5. In particular, notwithstanding that licensed ride-hail operators are prohibited from imposing exclusive arrangements that prevent their driver-partners from driving for rival ride-hail operators under the Point-to-Point Transport regulatory framework, third-party feedback received by CCCS suggests concerns on the effect of Grab’s ownership of the Trans-cab fleet on Trans-cab drivers’ usage of rival ride-hail platforms, which may raise barriers to expansion and entry for Grab’s rival ride-hail platforms, given the importance of scale in the ride-hail platform industry. Accordingly, CCCS needs to review the competition effects of the Proposed Acquisition in greater detail.

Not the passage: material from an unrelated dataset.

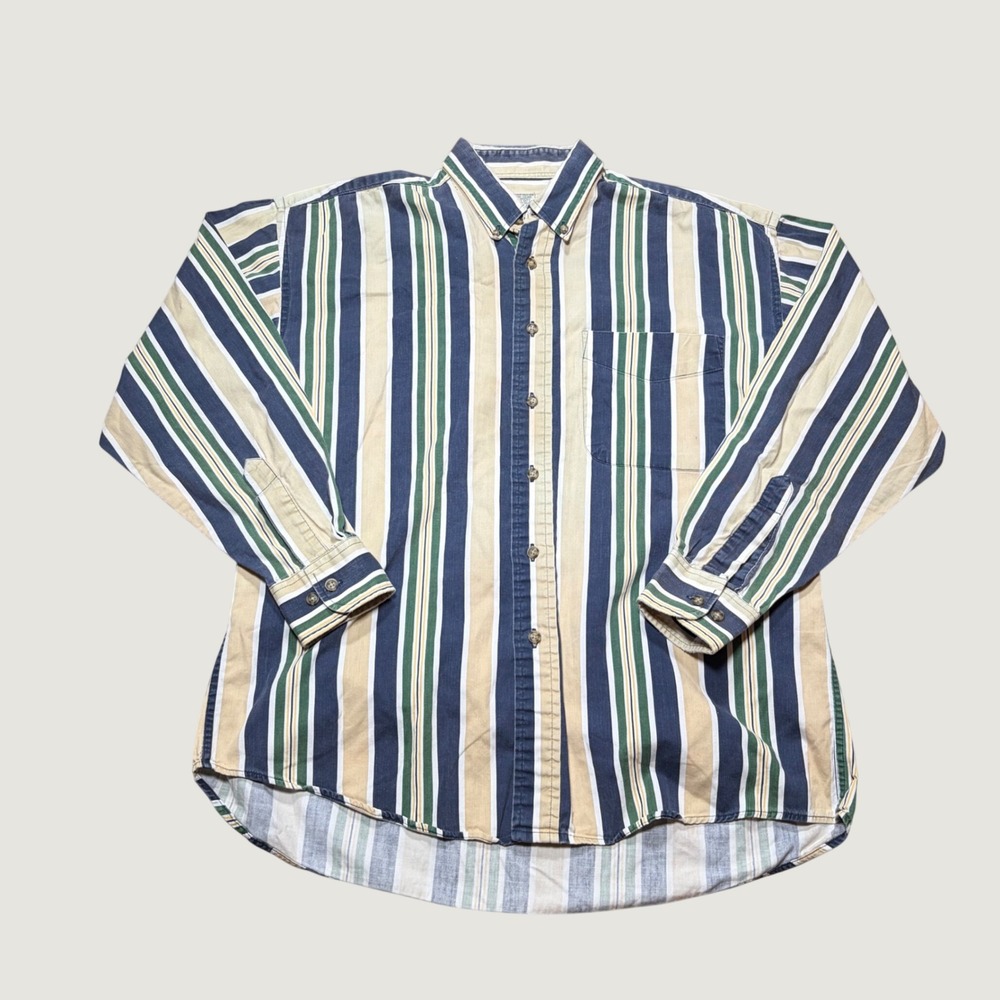 Vintage Natural Issue Mens Striped Button Down Shirt Blue Green Tan Cotton M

6. At this stage, the Parties may offer commitments to address the potential competition concerns of the Proposed Acquisition raised by CCCS. Otherwise, CCCS will proceed to a more in-depth Phase 2 review of the Proposed Acquisition upon CCCS’s receipt of the relevant documents from the Parties. Commitments may also be offered at any time during a Phase 2 review. For more information on the merger review process in Singapore, please refer to Annex 1.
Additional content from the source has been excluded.